_Input for this task_.
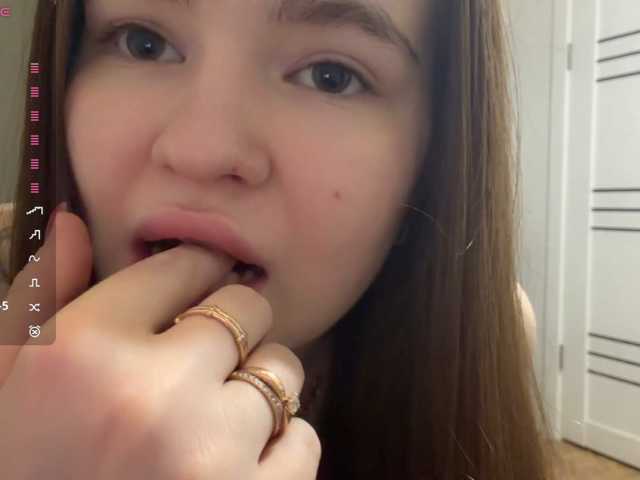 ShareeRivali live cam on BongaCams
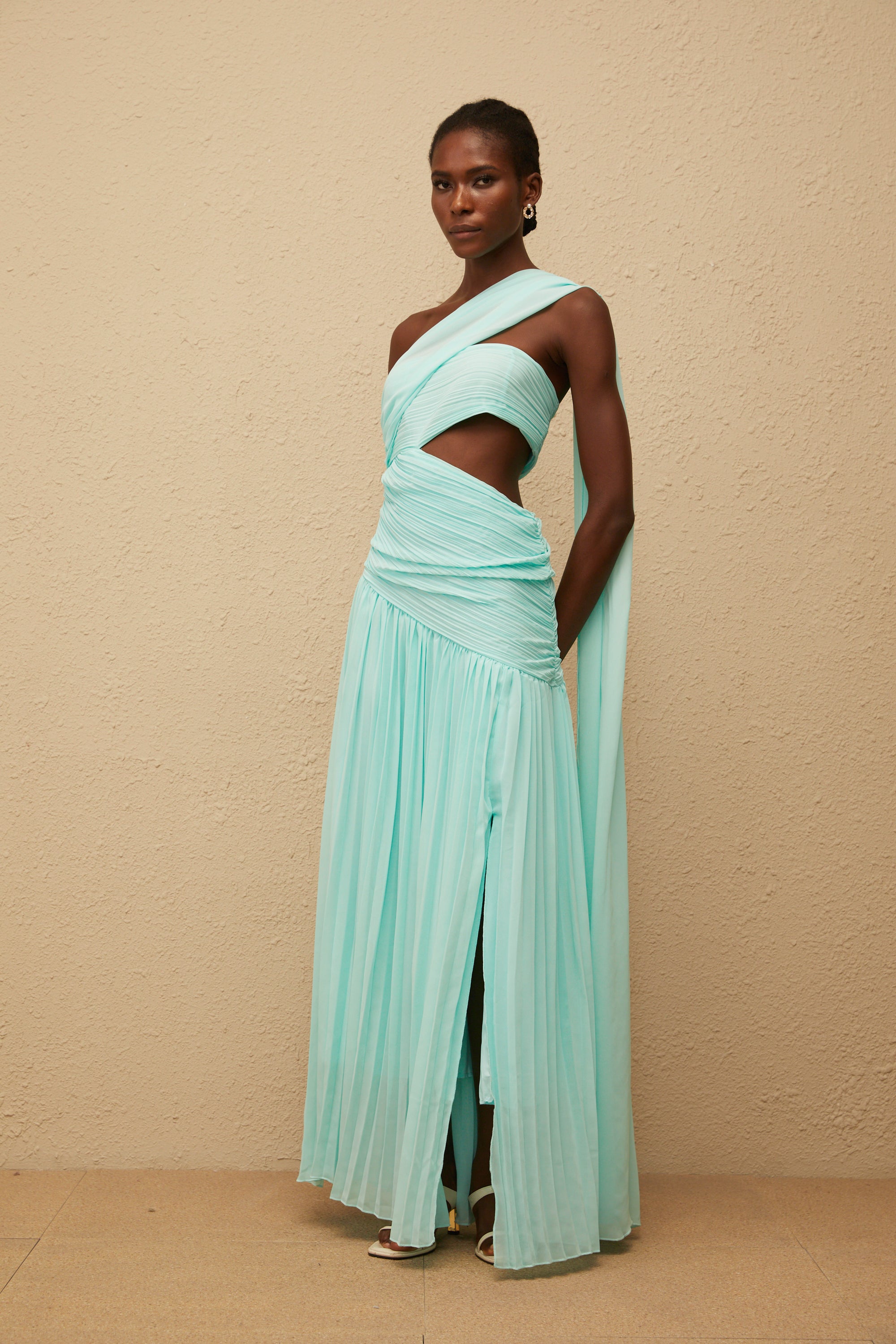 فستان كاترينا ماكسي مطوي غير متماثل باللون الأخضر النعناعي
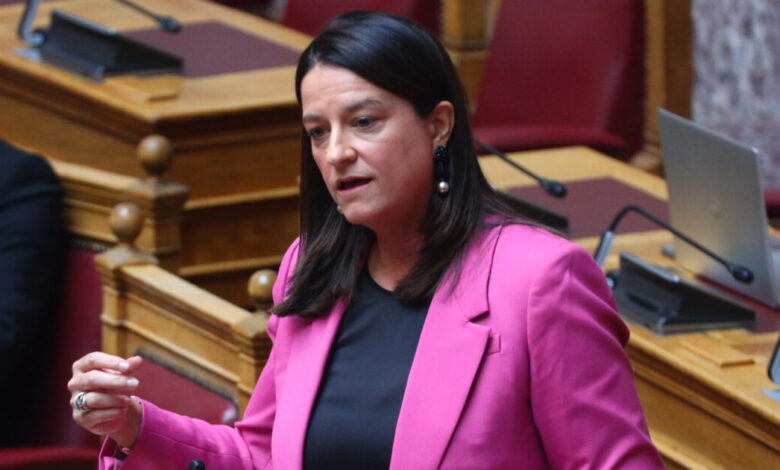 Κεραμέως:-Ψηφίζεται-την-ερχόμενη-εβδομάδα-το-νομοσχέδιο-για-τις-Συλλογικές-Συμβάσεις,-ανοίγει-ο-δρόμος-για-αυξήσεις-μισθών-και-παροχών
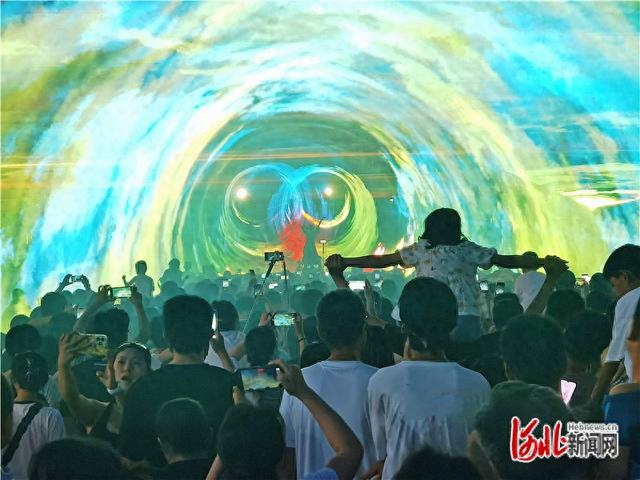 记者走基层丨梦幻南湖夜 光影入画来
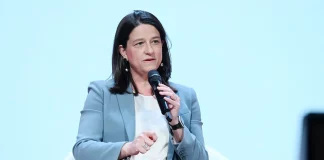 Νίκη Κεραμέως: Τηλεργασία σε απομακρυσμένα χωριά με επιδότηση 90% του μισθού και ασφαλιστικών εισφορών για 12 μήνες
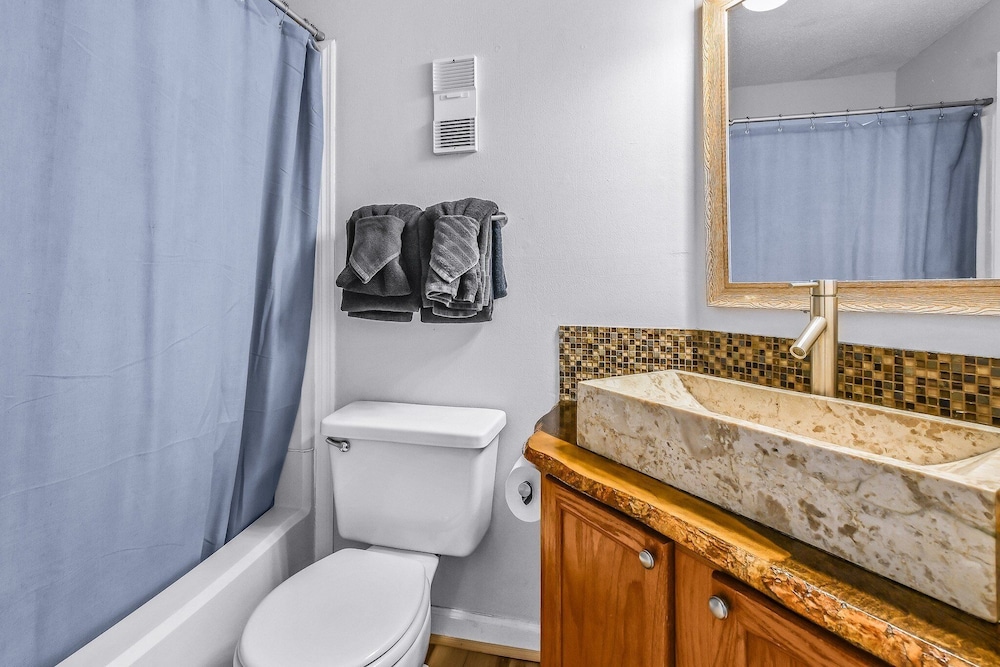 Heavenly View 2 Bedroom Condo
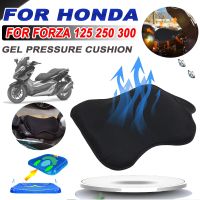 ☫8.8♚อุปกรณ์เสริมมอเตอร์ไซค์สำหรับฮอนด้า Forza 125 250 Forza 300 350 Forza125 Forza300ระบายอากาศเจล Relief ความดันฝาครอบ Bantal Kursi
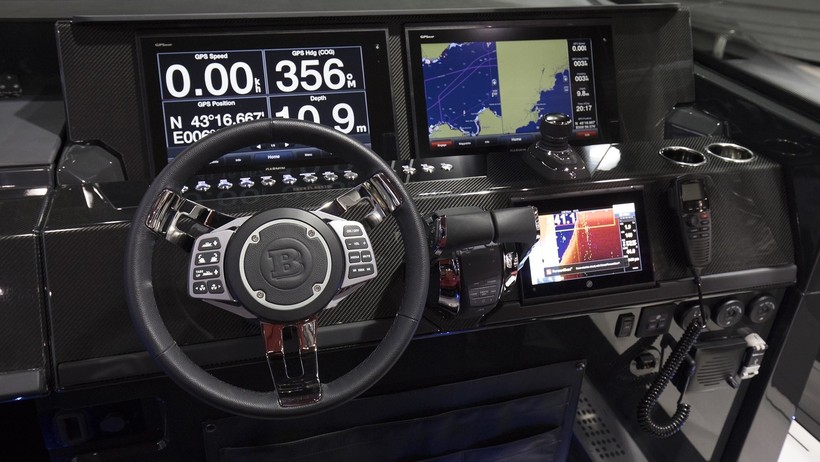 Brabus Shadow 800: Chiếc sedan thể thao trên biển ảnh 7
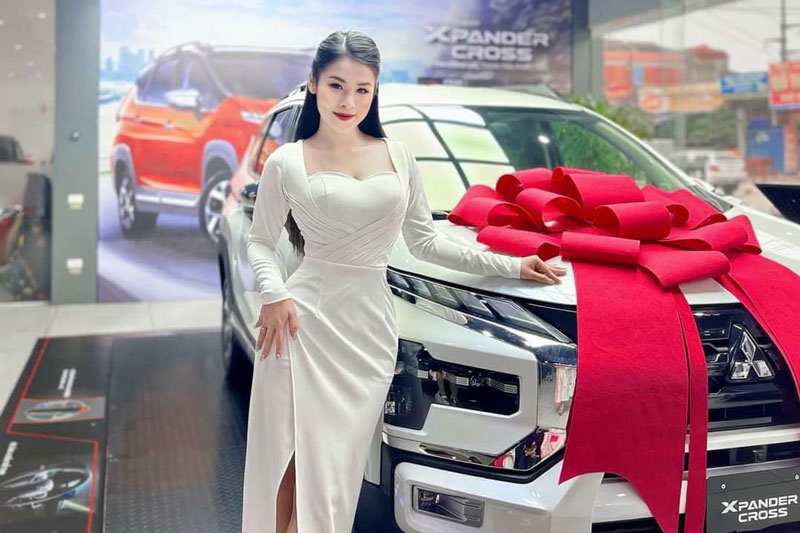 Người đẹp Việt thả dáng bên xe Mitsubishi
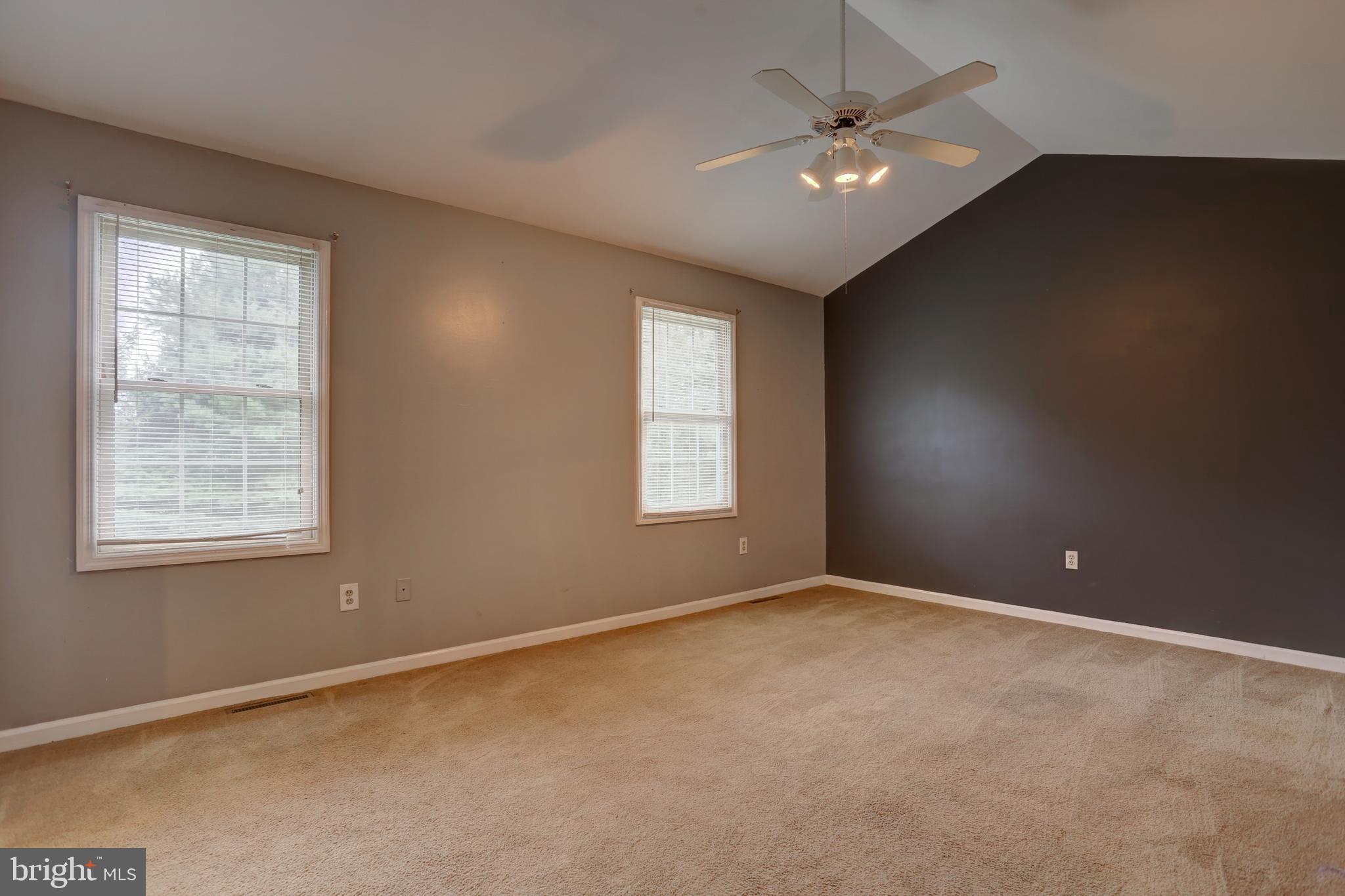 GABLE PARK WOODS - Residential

_What needs to be done_. With the pictures excluded, the line containing "فستان كاترينا ماكسي" and every line after it through the end of the data above are to be transcribed exactly, and nothing more.

_Exercise output_.
 فستان كاترينا ماكسي مطوي غير متماثل باللون الأخضر النعناعي
 Κεραμέως:-Ψηφίζεται-την-ερχόμενη-εβδομάδα-το-νομοσχέδιο-για-τις-Συλλογικές-Συμβάσεις,-ανοίγει-ο-δρόμος-για-αυξήσεις-μισθών-και-παροχών
 记者走基层丨梦幻南湖夜 光影入画来
 Νίκη Κεραμέως: Τηλεργασία σε απομακρυσμένα χωριά με επιδότηση 90% του μισθού και ασφαλιστικών εισφορών για 12 μήνες
 Heavenly View 2 Bedroom Condo
 ☫8.8♚อุปกรณ์เสริมมอเตอร์ไซค์สำหรับฮอนด้า Forza 125 250 Forza 300 350 Forza125 Forza300ระบายอากาศเจล Relief ความดันฝาครอบ Bantal Kursi
 Brabus Shadow 800: Chiếc sedan thể thao trên biển ảnh 7
 Người đẹp Việt thả dáng bên xe Mitsubishi
 GABLE PARK WOODS - Residential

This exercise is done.